Satapatha Brahmana Part 1 (SBE12), Julius Eggeling tr. , at sacred-texts.com
Page 15, note 1. The pole of Indian carts is itself firmly bound with thongs.
P. 27, paragraph 10. Read,--Vâg. S. I, 15 b; I, 15 c.
P. 28, par. 12, and note 2. The Kânva text has the correct order of castes: 'tâny etâni katvâri vâka ehîti brâhmanasyâgahy âdraveti râganyasya ka vaisyasya kâdhâveti sûdrasya.'
P. 47, par. 1. The Taitt. S. (II, 6, 6) has a somewhat different version of this legend:--Agni had three elder brothers. While carrying the oblations to the gods, they perished. Agni was afraid, 'In like manner this one will meet with destruction (ârtim ârishyati).' He concealed himself. He entered the waters. The gods wished to find him. A fish betrayed him. He cursed it, 'May (people) kill thee by whatever means they can devise (dhiyâ-dhiyâ), who hast betrayed me!' Hence they kill the fish by whatever means they can devise, for he is accursed. They found him, and said to him, 'Come back to us and carry our oblation!' He said, 'I will ask a boon: whatever portion of the taken (ghee) shall fall outside the enclosing-sticks, before it is offered, that shall be my brothers' portion!' Hence whatever portion of the taken (ghee) falls outside the enclosing-sticks, that is their portion: with that he satisfies them.
P. 47, par. 2. The Kânva text reads,--'They followed Indra even as now-a-days also a Brahman follows a Kshatriya blessing him (âsamsamâno ’nukarati).'
P. 85, par. 6. Read,--for this represents the fringe (of the Sacrificer's nether garment), and it is on the right side that the fringe (is tucked in) . . . . for the fringe also is covered (by being tucked in). Cf. below to p. 368.
P. 118, line 18. Read,--'Thine' instead of 'Your.'
P. 164, par. 2. Professor Delbrück, Syntaktische Forschungen II, p. 118, translates, 'And from the mouth which had been drinking surâ, the sparrow sprang: hence the latter sings so merrily, for indeed he sings so merrily as if it had drank surâ.' Differently, however, ibid. III, p. 64.

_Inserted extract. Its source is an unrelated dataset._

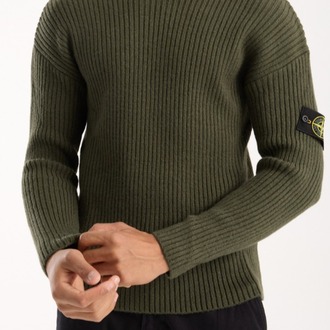 Stone Island Yünlü Kazak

P. 175, par. 1. Compare also the corresponding legend in Taitt. Br. I, 6, 7, 4:--Indra, having slain Vritra, went to the farthest distance, thinking 'I have committed a sin (aparâdham, ? I have missed him).' He said, 'Who will find this out?' The Maruts said, 'We will choose a boon, then we shall know: let the first offering be made to us!' They sported on him (Vritra), &c. (According to Sâyana, on Taitt. S. I, 8, 4, Indra flees from fear and says, within the Marut's hearing, 'Is Vritra dead or not? Who will go near him and find it out?' &c.)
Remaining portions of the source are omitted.